Bina sahibi kolonlarının kesildiğinden bihaber olsa dahi kolonların kesilmesi nedeniyle doğan zararlardan, kolonları kesen kişilerle birlikte müteselsilen sorumludur. Kolonu kesen kiracı, bu kusuru dolayısıyla yani kusura dayanan haksız fiilin faili olarak, ev sahibi ise bina ve yapı eseri sahibinin sorumluluğu çerçevesinde sorumlu olacaktır. Borçlar Kanunu Md. 69 uyarınca bir binanın veya yapı eserinin maliki bunların yapımındaki bozukluklardan veya bakımındaki eksiklerden doğan zararları gidermekle yükümlüdür. Bina ve yapı eseri sahibinin kusurunun olmadığını iddia ederek sorumluluktan kurtulamayacağını belirtmiştik. Peki hangi durumda bina ve yapı eseri sahibinin sorumluluğunun ortadan kalkması söz konusu olabilir. Böyle bir durum ancak yüklenicinin ağır kusuru var ise, illiyet bağının kesilmesinden dolayı gerçekleşebilir. Haksız fiilin sayılı şartlarından biri de illiyet bağıdır ve 3. Kişinin ağır kusuru illiyet bağının kesilmesine sebebiyet verir. Kiracının sorumluluğunun olması durumunda ise bina ve yapı eseri sahibi sorumluluktan kurtulmaz fakat kiracıya rücu edebilmesi söz konusu olacaktır. Zira kolonların kiracı tarafından kesilmesi durumunda Borçlar Kanunu Md. 69 gereğince bina ve yapı eseri sahibi Md. 49 gereğince kiracı sorumlu olacaktır. Örneğin kolonların kesilmesinden dolayı zarar gören üst kat komşuları Borçlar Kanunu Md. 49’a göre kiracıdan ve Md. 69’a göre bina sahibinden zararının giderilmesini talep edebilir zira bunlar müteselsilen sorumlu sayılacaktır.

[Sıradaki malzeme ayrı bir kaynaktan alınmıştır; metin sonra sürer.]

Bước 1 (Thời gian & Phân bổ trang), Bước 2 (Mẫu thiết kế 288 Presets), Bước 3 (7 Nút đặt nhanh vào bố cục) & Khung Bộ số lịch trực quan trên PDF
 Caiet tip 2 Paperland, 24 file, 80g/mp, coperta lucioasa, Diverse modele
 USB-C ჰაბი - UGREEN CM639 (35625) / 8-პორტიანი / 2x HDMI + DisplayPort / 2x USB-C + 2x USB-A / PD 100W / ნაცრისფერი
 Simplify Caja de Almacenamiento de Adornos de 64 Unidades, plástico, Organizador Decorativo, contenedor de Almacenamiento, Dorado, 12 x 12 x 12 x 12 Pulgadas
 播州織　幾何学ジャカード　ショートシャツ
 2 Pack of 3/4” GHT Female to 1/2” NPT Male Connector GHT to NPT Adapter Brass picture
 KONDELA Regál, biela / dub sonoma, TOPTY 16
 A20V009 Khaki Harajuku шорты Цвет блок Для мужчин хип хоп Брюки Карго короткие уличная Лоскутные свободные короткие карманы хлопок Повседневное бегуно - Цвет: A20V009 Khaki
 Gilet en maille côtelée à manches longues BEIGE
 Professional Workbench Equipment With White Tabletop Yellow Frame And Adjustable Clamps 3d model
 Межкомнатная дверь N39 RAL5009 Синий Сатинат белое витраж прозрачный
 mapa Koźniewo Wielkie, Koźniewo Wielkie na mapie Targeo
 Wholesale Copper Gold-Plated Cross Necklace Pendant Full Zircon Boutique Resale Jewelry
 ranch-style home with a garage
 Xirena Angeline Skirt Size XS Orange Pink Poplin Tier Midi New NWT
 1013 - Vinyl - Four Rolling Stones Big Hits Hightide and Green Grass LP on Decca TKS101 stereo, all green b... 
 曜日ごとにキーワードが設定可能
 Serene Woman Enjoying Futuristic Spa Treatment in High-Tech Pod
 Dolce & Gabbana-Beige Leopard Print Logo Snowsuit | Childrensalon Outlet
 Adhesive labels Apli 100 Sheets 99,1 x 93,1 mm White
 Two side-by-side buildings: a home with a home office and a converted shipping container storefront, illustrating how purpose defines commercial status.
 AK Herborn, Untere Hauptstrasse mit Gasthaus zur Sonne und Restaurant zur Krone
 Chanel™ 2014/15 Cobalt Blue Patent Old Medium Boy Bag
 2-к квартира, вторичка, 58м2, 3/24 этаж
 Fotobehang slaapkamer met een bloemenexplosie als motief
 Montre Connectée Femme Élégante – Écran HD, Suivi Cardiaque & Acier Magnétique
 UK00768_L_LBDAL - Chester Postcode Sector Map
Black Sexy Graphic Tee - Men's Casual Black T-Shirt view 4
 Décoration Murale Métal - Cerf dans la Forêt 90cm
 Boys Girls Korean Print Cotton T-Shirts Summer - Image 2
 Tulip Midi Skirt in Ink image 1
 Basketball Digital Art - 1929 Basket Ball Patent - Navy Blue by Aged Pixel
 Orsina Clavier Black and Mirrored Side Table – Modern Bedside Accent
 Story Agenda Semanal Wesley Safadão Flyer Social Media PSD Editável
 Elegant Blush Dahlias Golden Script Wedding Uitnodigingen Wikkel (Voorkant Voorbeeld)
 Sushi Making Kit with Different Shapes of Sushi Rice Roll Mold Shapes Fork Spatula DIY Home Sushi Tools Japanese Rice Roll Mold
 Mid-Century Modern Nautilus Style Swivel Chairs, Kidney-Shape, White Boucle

Tazminat talebinin zamanaşımı

Hukukta alacak veya talep belirli sürelere tabidir. Yüklenicilerin ve yapı denetim kuruluşlarının haksız fiil sebebiyle doğan sorumluluklarında veya bina sahibinin kusursuz sorumluluğunda, Borçlar Kanunu Md. 72 hükümlerince zamanaşımı etkili olacaktır. Zararın ve tazminat yükümlüsünün öğrenildiği tarihten itibaren 2 yıl, her halde fiilin işlendiği tarihten itibaren başlayarak 10 yıl geçmesiyle tazminat istemi zamanaşımına uğrar. Peki, zararın depremle beraber ortaya çıkmasına rağmen yapımı üzerinden 10 yıl geçmiş binalar için müteahhite veya ev sahibine karşı tazminat talebinde bulunulamaz mı?

Elim 1999 İzmit depremiyle birlikte bu konu tartışılmış ve nihayet yargıya intikal etmiştir. Yargıtay Hukuk Genel Kurulu’nun 04.06.2003 tarih ve 2003/4-400E-2003/393K sayılı kararı deprem özelinde zamanaşımı konusuna içtihat teşkil etmiştir. Bu içtihat ışığında zamanaşımı süresi Binanın yapıldığı tarihten itibaren değil depremin yaşandığı tarihten itibaren işlemeye başlar. Dolayısıyla binanın yapım tarihinin üzerinden 10 yıl geçmiş olsa dahi, zamanaşımı süresi 6 Şubat 2023, yani depremin gerçekleştiği tarihten itibaren işlemeye başlayacağından, sorumlunun bilinmediği takdirde 6 Şubat 2033 tarihine kadar tazminat talebi zamanaşımına uğramayacaktır. Zararın ve sorumlunun öğrenildiği tarihten itibaren ise 2 yıllık süre işlemeye başlayacaktır – yine belirtmek gerekir ki zararın ve sorumlunun öğrenilmesinin 10 yıllık azami süre içerisinde (6 Şubat 2033’e kadar) gerçekleşmiş olması gerekir.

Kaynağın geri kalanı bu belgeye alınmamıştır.